[Collection entries]
Segment Open
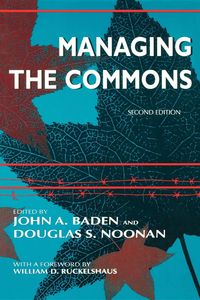Produktbild: Managing the Commons, Second Edition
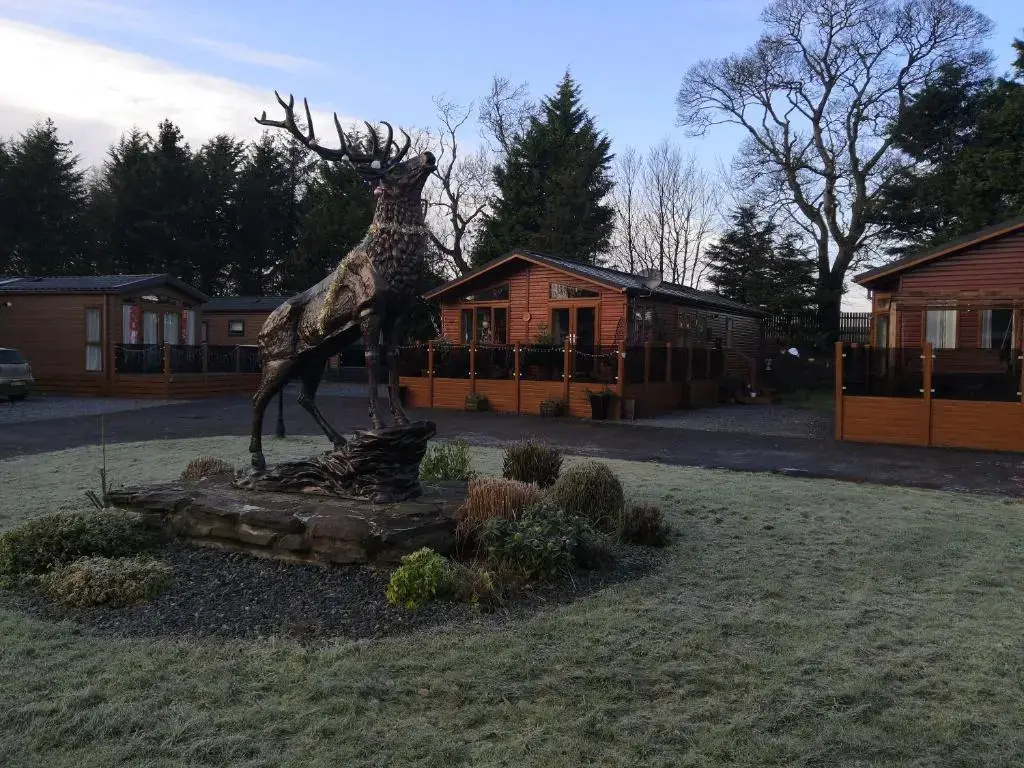 11 Burnside Lodge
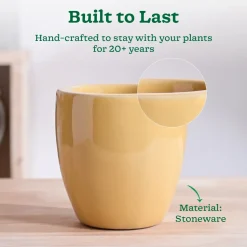 Nature's Hum Slim Ceramic Planter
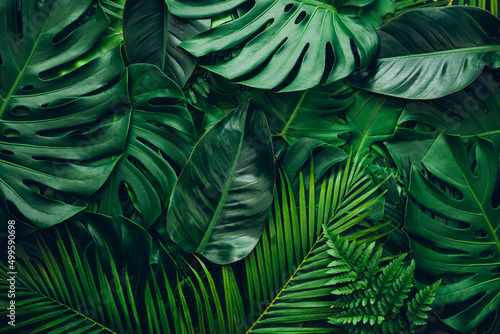 Fototapete - closeup nature view of green leaf and palms background. Flat lay, dark nature concept, tropical leaf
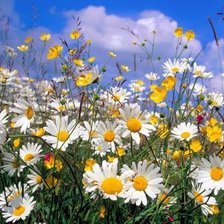 ромашковое поле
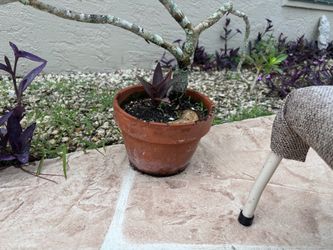 Terracotta Pot with Small Plant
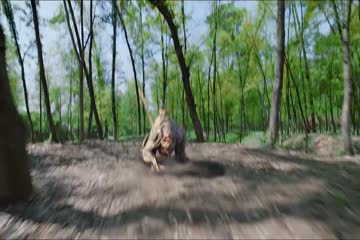 East Dragon 2018 Hd Dubb in Hindi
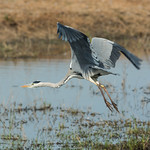 Garza real / Grey heron / Ardea cinerea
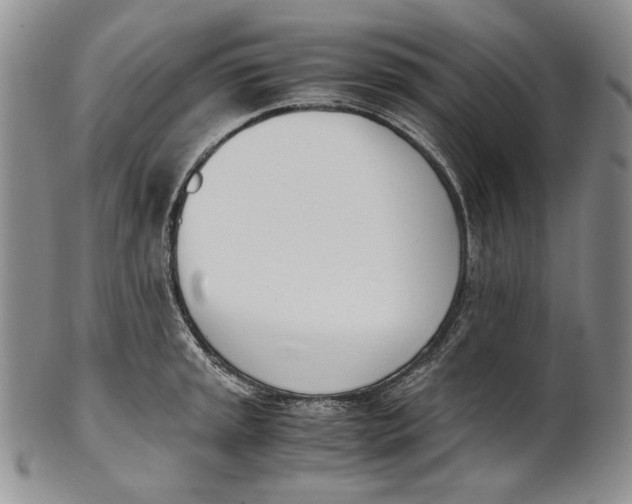 X0000100771045200807101746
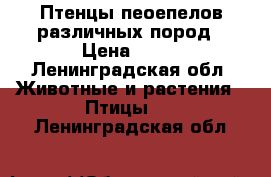 Птенцы пеоепелов различных пород › Цена ­ 50 - Ленинградская обл. Животные и растения » Птицы   . Ленинградская обл.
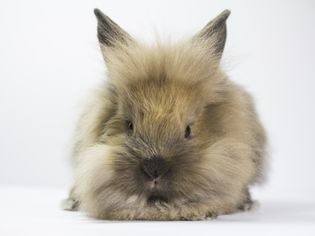 Dealing With Obesity in Rabbits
Segment Closed
## Exercise requirements
What is needed is a word-for-word repeat of every line from the line with "ромашковое поле" to the end of the entries above; leave out the pictures.

## Answer section
 ромашковое поле
 Terracotta Pot with Small Plant
 East Dragon 2018 Hd Dubb in Hindi
 Garza real / Grey heron / Ardea cinerea
 X0000100771045200807101746
 Птенцы пеоепелов различных пород › Цена ­ 50 - Ленинградская обл. Животные и растения » Птицы   . Ленинградская обл.
 Dealing With Obesity in Rabbits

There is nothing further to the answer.